> What to do
A faithful copy is needed of the lines below from the one with "Season of Savings" up to and including the one with "Terrace Level: Step"; set it down with no pictures and no other lines.

> Records excerpted from a collection
********

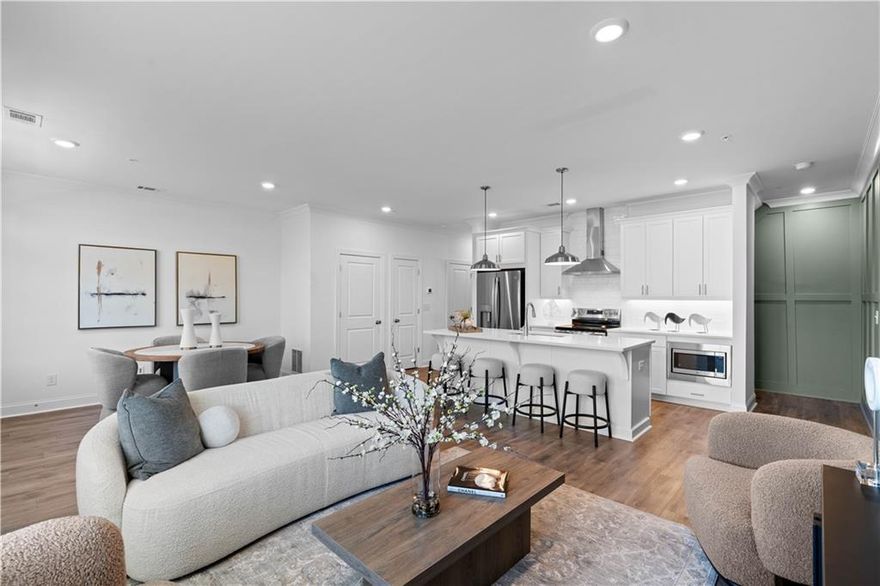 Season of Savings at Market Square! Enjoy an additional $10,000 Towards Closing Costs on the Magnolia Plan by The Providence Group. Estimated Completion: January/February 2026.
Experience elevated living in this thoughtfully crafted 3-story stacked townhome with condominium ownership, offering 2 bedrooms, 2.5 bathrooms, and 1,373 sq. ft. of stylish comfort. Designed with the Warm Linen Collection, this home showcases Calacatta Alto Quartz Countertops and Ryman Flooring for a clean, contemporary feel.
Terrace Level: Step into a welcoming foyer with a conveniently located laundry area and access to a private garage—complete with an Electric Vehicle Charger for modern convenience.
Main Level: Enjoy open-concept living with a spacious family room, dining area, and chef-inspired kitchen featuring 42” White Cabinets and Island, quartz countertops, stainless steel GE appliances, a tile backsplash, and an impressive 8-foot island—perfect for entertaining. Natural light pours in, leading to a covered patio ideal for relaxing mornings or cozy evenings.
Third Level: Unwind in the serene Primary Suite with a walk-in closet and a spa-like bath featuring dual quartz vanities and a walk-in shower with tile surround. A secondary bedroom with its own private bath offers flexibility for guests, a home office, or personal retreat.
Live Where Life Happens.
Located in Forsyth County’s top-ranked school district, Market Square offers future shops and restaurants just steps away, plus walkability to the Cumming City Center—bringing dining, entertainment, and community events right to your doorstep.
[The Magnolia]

********

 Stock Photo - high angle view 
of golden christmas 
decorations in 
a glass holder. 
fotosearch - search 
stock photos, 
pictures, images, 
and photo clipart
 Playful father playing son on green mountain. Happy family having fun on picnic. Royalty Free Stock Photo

********

> Solution to this problem
 Season of Savings at Market Square! Enjoy an additional $10,000 Towards Closing Costs on the Magnolia Plan by The Providence Group. Estimated Completion: January/February 2026.
Experience elevated living in this thoughtfully crafted 3-story stacked townhome with condominium ownership, offering 2 bedrooms, 2.5 bathrooms, and 1,373 sq. ft. of stylish comfort. Designed with the Warm Linen Collection, this home showcases Calacatta Alto Quartz Countertops and Ryman Flooring for a clean, contemporary feel.
Terrace Level: Step into a welcoming foyer with a conveniently located laundry area and access to a private garage—complete with an Electric Vehicle Charger for modern convenience.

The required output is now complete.